* Data below *

════════════════════

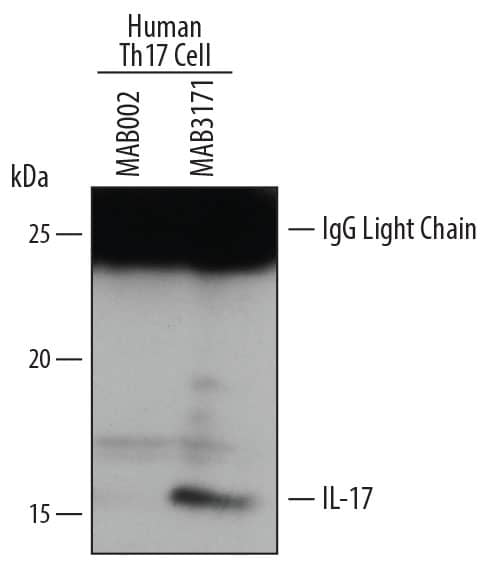 Human IL-17 was immunoprecipitated from 100 µg of humanin vitrodifferentiated Th17 cell lysate following incubation with 3 µg Mouse Anti-Human IL-17 Monoclonal Antibody (Catalog # MAB3171) or isotype control antibody (Catalog # MAB002) overnight at 4 °C. IL-17-antibody complexes were absorbed using anti-mouse agarose beads. Immunoprecipitated IL-17 was detected by Western blot using 1 µg/mL Goat Anti-Human IL-17 Antigen Affinity-purified Polyclonal Antibody (Catalog # AF-317-NA). View our recommended buffer recipes for immunoprecipitation.
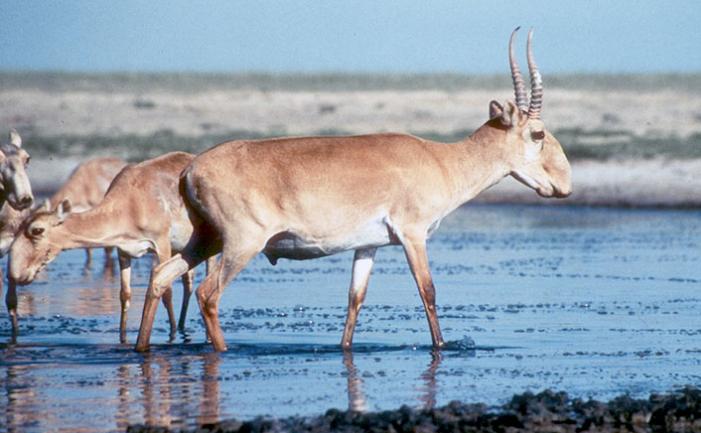 Over 120,000 saiga antelopes, more than one-third of the total worldwide population, have mysteriously died off in Kazakhstan so far. Officials in the country indicated that a bacterial infection could be behind the mass deaths.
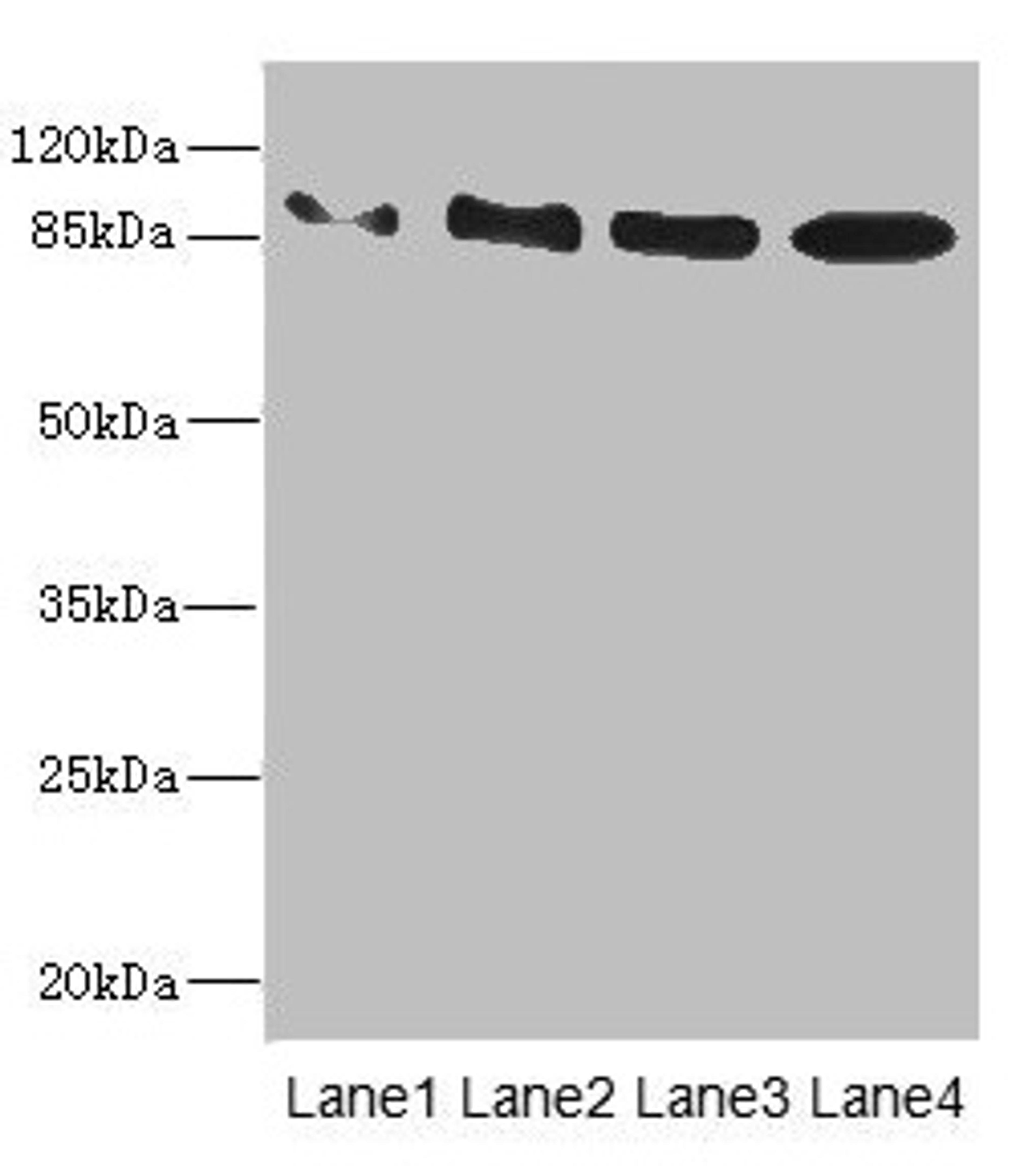 Western blot. All lanes: TAS1R3 antibody at 1.48µg/ml. Lane 1: K562 whole cell lysate. Lane 2: HL60 whole cell lysate. Lane 3: Hela whole cell lysate. Lane 4: HepG2 whole cell lysate. Secondary. Goat polyclonal to rabbit IgG at 1/10000 dilution. Predicted band size: 94 kDa. Observed band size: 94 kDa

════════════════════

* Work instructions *
Output all data exactly, omitting images.

* Exercise result *
 Human IL-17 was immunoprecipitated from 100 µg of humanin vitrodifferentiated Th17 cell lysate following incubation with 3 µg Mouse Anti-Human IL-17 Monoclonal Antibody (Catalog # MAB3171) or isotype control antibody (Catalog # MAB002) overnight at 4 °C. IL-17-antibody complexes were absorbed using anti-mouse agarose beads. Immunoprecipitated IL-17 was detected by Western blot using 1 µg/mL Goat Anti-Human IL-17 Antigen Affinity-purified Polyclonal Antibody (Catalog # AF-317-NA). View our recommended buffer recipes for immunoprecipitation.
 Over 120,000 saiga antelopes, more than one-third of the total worldwide population, have mysteriously died off in Kazakhstan so far. Officials in the country indicated that a bacterial infection could be behind the mass deaths.
 Western blot. All lanes: TAS1R3 antibody at 1.48µg/ml. Lane 1: K562 whole cell lysate. Lane 2: HL60 whole cell lysate. Lane 3: Hela whole cell lysate. Lane 4: HepG2 whole cell lysate. Secondary. Goat polyclonal to rabbit IgG at 1/10000 dilution. Predicted band size: 94 kDa. Observed band size: 94 kDa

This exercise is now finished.